• **Assignment**: When you reach the line that contains "Meindl Vakuum Men", give it back exactly along with each line after it to the end of the entries; skip any pictures.

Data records
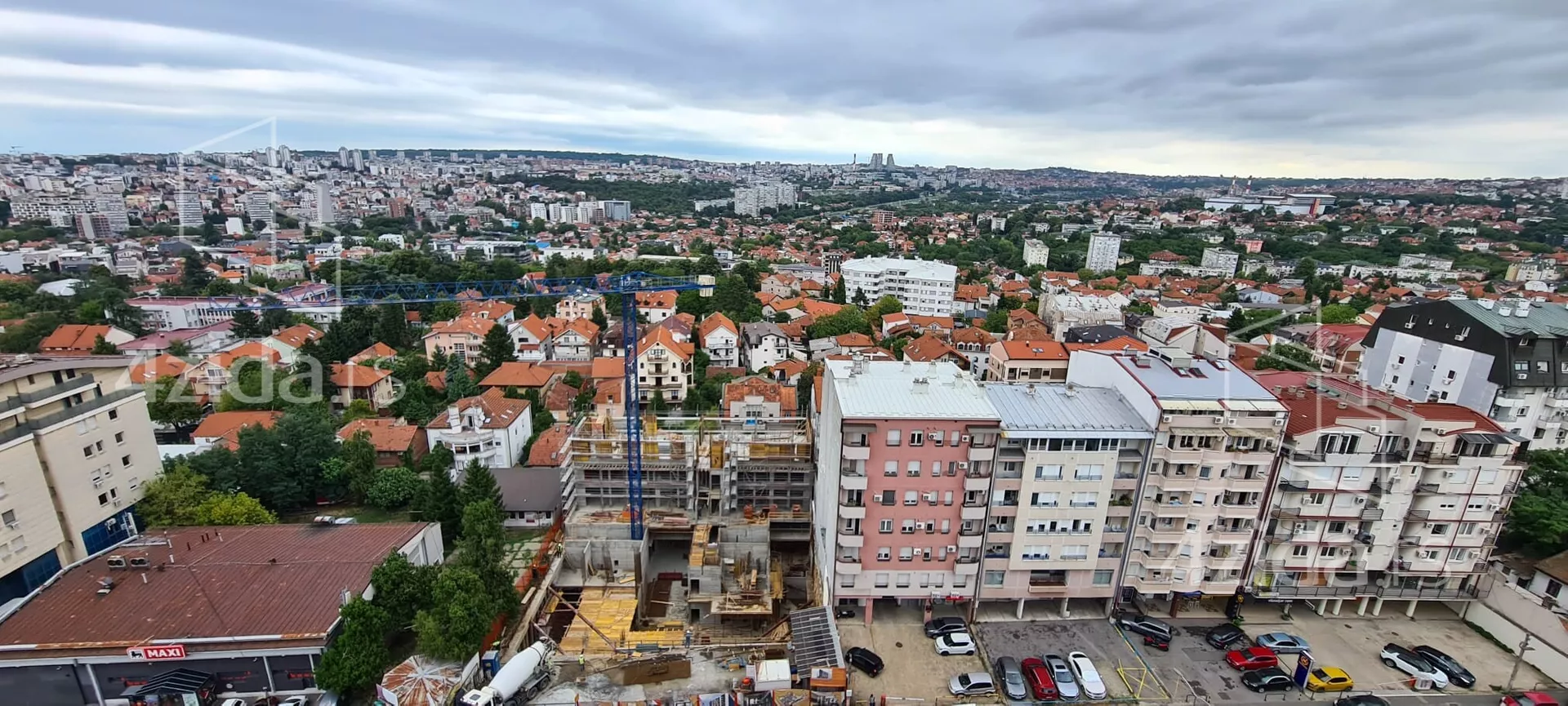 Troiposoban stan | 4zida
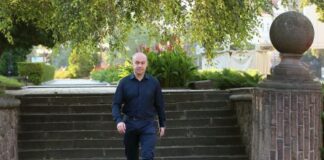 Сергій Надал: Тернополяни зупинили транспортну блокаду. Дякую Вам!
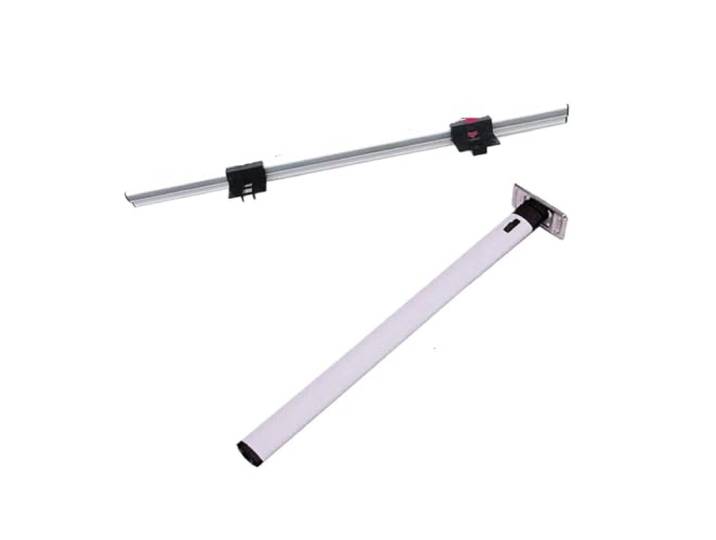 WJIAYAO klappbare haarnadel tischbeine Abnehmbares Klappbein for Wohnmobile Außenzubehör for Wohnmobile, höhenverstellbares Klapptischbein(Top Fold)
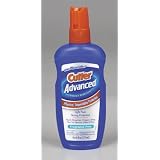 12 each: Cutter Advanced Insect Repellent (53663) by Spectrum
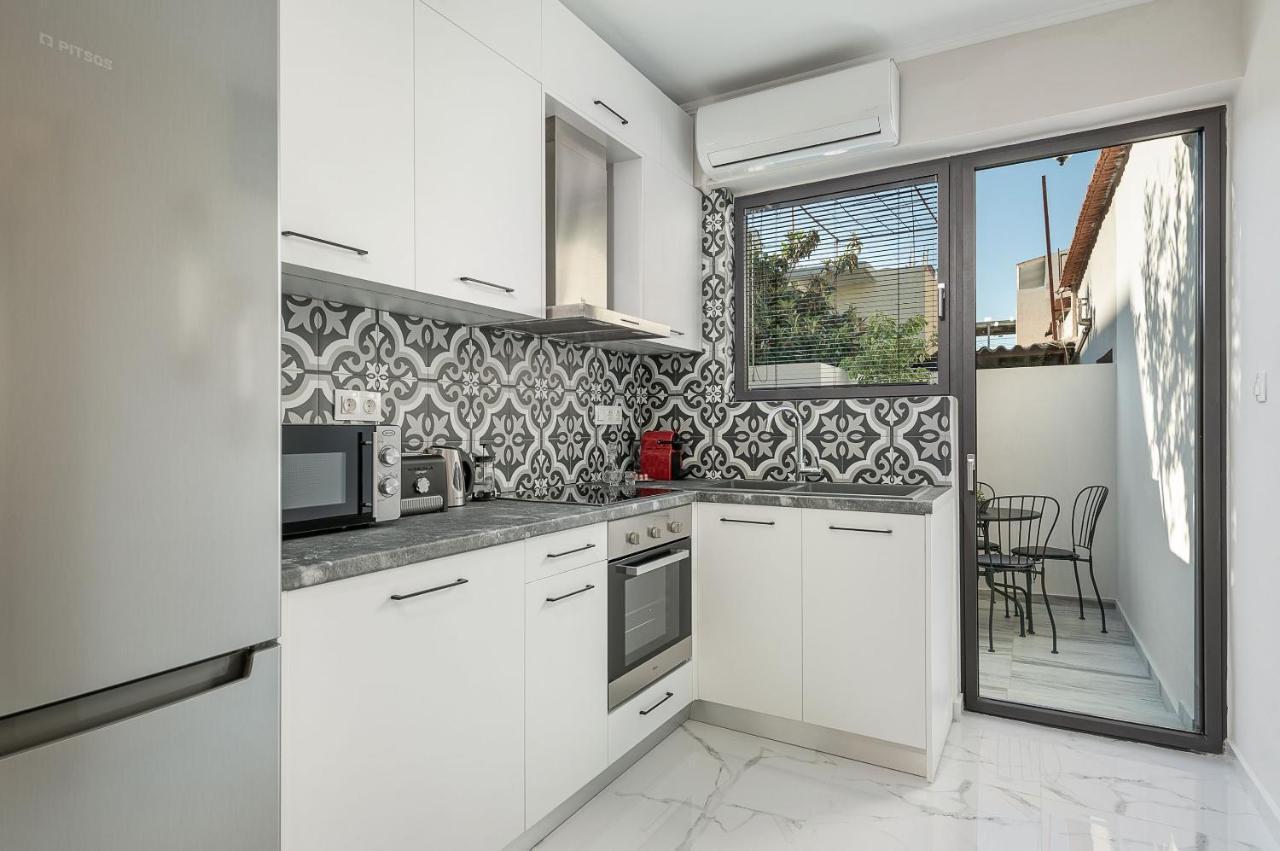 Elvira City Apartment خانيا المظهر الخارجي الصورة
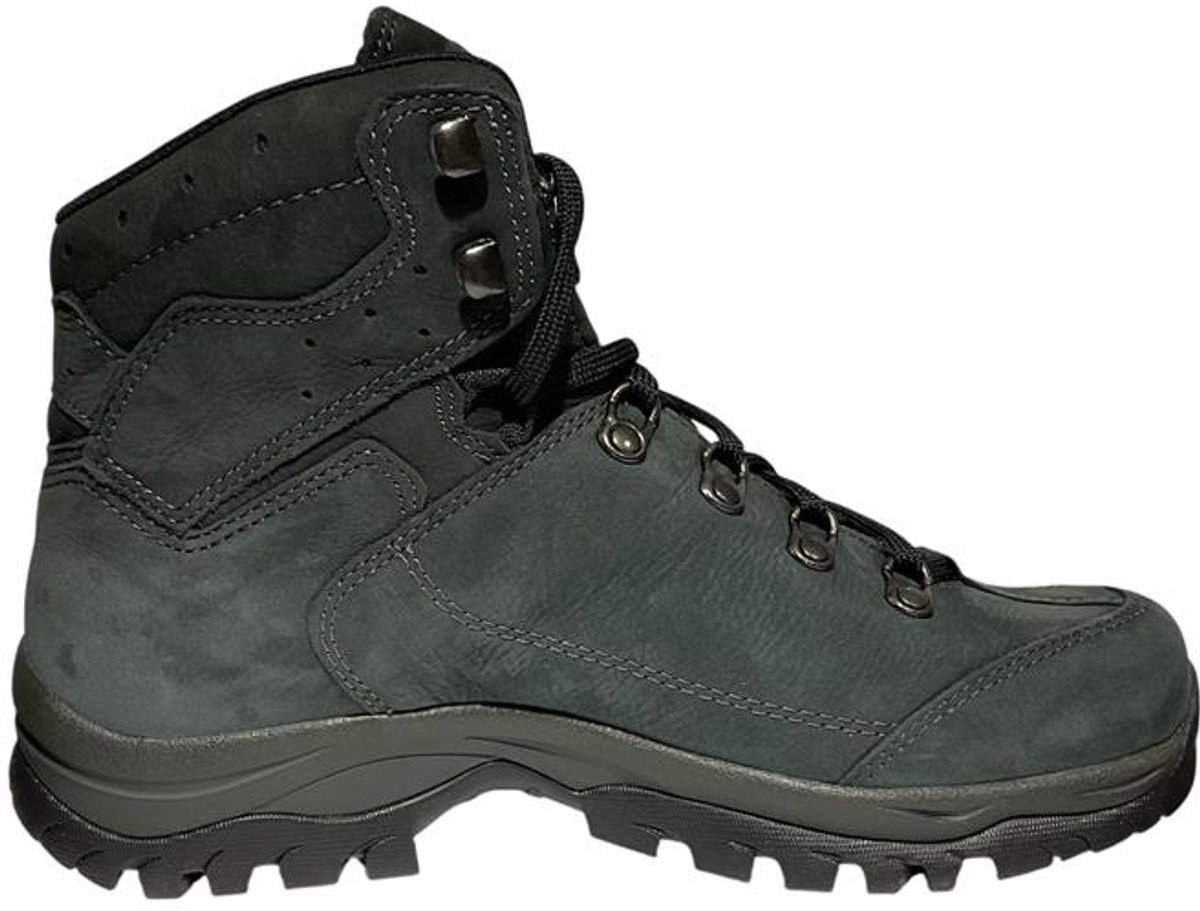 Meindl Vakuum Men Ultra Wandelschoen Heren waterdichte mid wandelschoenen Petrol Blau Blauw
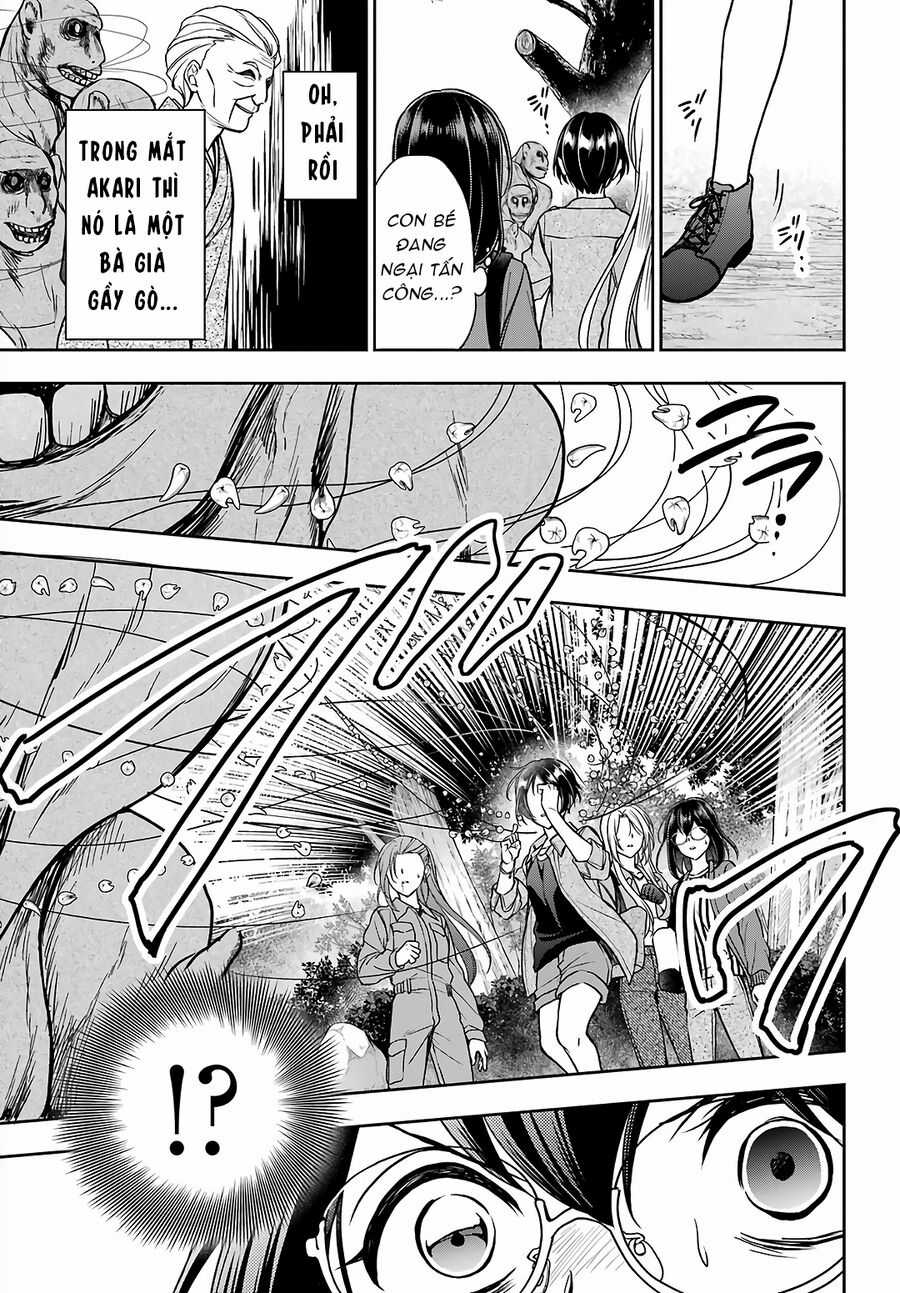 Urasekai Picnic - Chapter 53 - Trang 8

• **Response below**:
 Meindl Vakuum Men Ultra Wandelschoen Heren waterdichte mid wandelschoenen Petrol Blau Blauw
 Urasekai Picnic - Chapter 53 - Trang 8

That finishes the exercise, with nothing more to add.